The issue is that the constants you are comparing to are double
not float
. Also, changing your constants to something that is representable easily such as a factor of 5
will make it say 0 is right
. For example,
main()
{
float a=0.25,b=0.5;
if(a<.25)
{
if(b<.5)
printf("2 are right");
else
printf("1 is right");
}
else
printf("0 are right");
}
Output:
0 are right
This SO question on Most Effective Way for float and double comparison covers this topic.
Also, this article at cygnus on floating point number comparison gives us some tips:
The IEEE float and double formats were designed so that the numbers
are “lexicographically ordered”, which – in the words of IEEE
architect William Kahan means “if two floating-point numbers in the
same format are ordered ( say x < y ), then they are ordered the same
way when their bits are reinterpreted as Sign-Magnitude integers.”

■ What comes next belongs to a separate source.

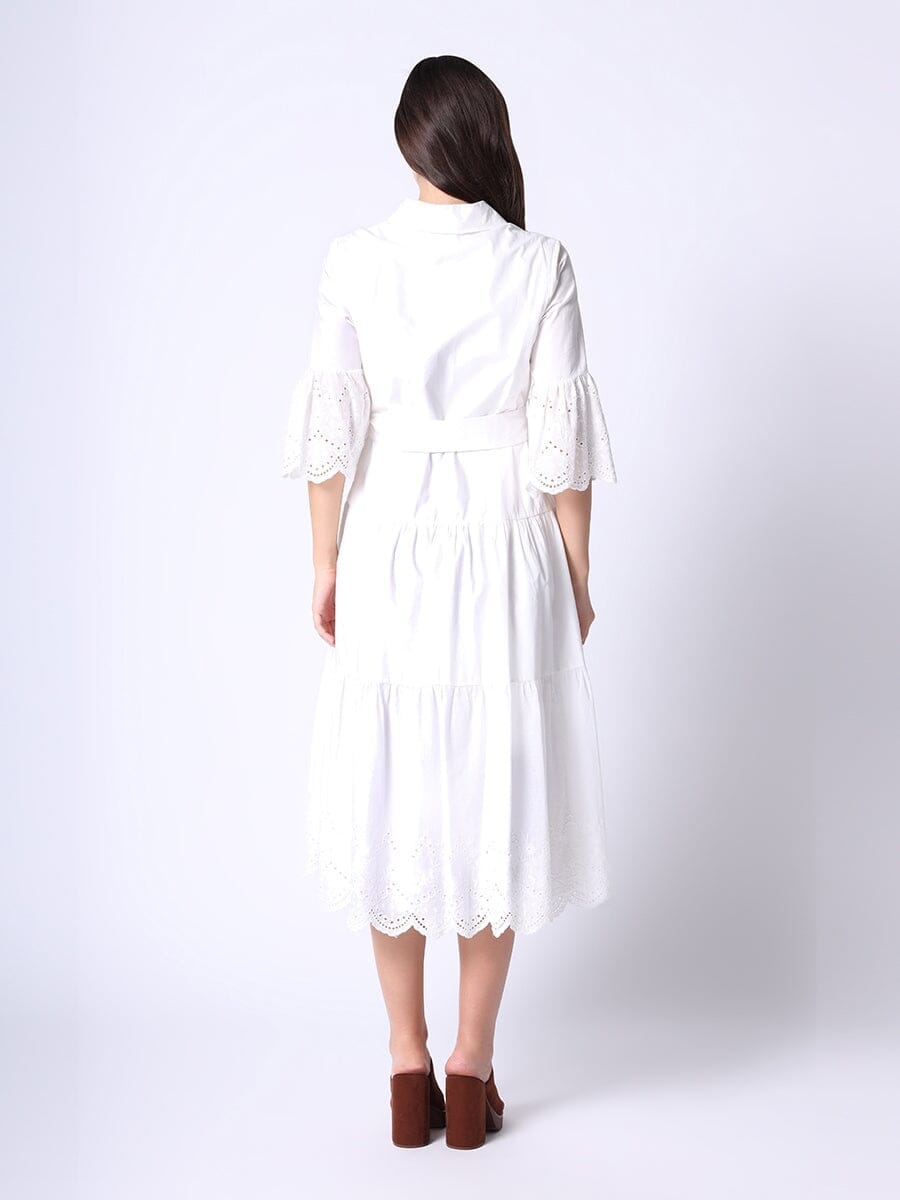 Layer Ruffle Skirt Shirt Dress with Waist Ribbon DRESS Gracia Fashion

This means that if we take two floats in memory, interpret their bit
pattern as integers, and compare them, we can tell which is larger,
without doing a floating point comparison. In the C/C++ language this
comparison looks like this:
if (*(int*)&f1 < *(int*)&f2)
This charming syntax means take the address of f1, treat it as an
integer pointer, and dereference it. All those pointer operations look
expensive, but they basically all cancel out and just mean ‘treat f1
as an integer’. Since we apply the same syntax to f2 the whole line
means ‘compare f1 and f2, using their in-memory representations
interpreted as integers instead of floats’.